Blocking someone on social media has to be one of the saddest and most empowering thing ever.
As someone who's been blocked by others before as a result of trivial high school drama or otherwise, I used to think it was hilarious that someone would sit there and block me but as I've gotten into my "adult" years I've realized why people block others - nowadays anyways.
1. The internet is our lives.
Most of us spend upwards of a third of our day on social media. Now, if you still want to argue that really think about how many times you get on Instagram a day just to refresh, or click through stories, or mess with the new filters? I realize now that because social media is our lives, having anyone who we don't like impeding on it sucks.
2. It's for the best.
With my recent break up, I've found myself constantly checking in, profiles, stories, everything that I can just to feel closer to them. Truth is, I can't. There's no way to feel "closer" to them through the internet. So I decided to block them. While blocking someone has such a negative connotation, I feel like it's healthiest for me at the moment - and that's okay.

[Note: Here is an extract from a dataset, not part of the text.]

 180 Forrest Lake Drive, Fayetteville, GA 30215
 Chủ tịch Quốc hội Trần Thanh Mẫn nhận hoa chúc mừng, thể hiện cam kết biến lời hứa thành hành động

3. Offensive or otherwise content
I know many people my age who still actively block their parents and family members from certain profiles they have or specific posts. While that was something I did in my earlier years of being connected, I figure I'm 20 years old, hell, I'm a person and I deserve that freedom to post what I'd like on my social media (to an extent) and while I don't understand why other 20 year olds still have to actively hide things from their parents, I will say that it's probably for a good reason. I don't know what's going on in their family or why they feel the need but I know that sure sucks.
4. People you love having opposing views
A best friend of mines parent(s) are raging Trump supporters and during the election, I consistently got "pro-trump" propaganda on my timeline. I knew these people for years and I even called them mom and dad. It was so crazy to me that they supported him and really couldn't deal with not only the stupidity but the betrayal I felt. I blocked them. There's been lots of talk about whether it's immature or not to block someone because of their political views but all I have to say to that is it's my account and I can do with it what I want...
But it poses a really thick question to me, and everyone else who's ever blocked someone.
... what does that mean for real life? Will we ever be able to deal with people with opposing views in person? Will families know their kids less and less because how easy it is to hide online?
Social media has made it so easy for us to filter what and who we see as well as rid ourselves of anything that doesn't fit into that category.
How do we deal with each other in real life?
Each day we get on average 23 hours, 53 minutes, and 4 seconds to make it something we're proud of.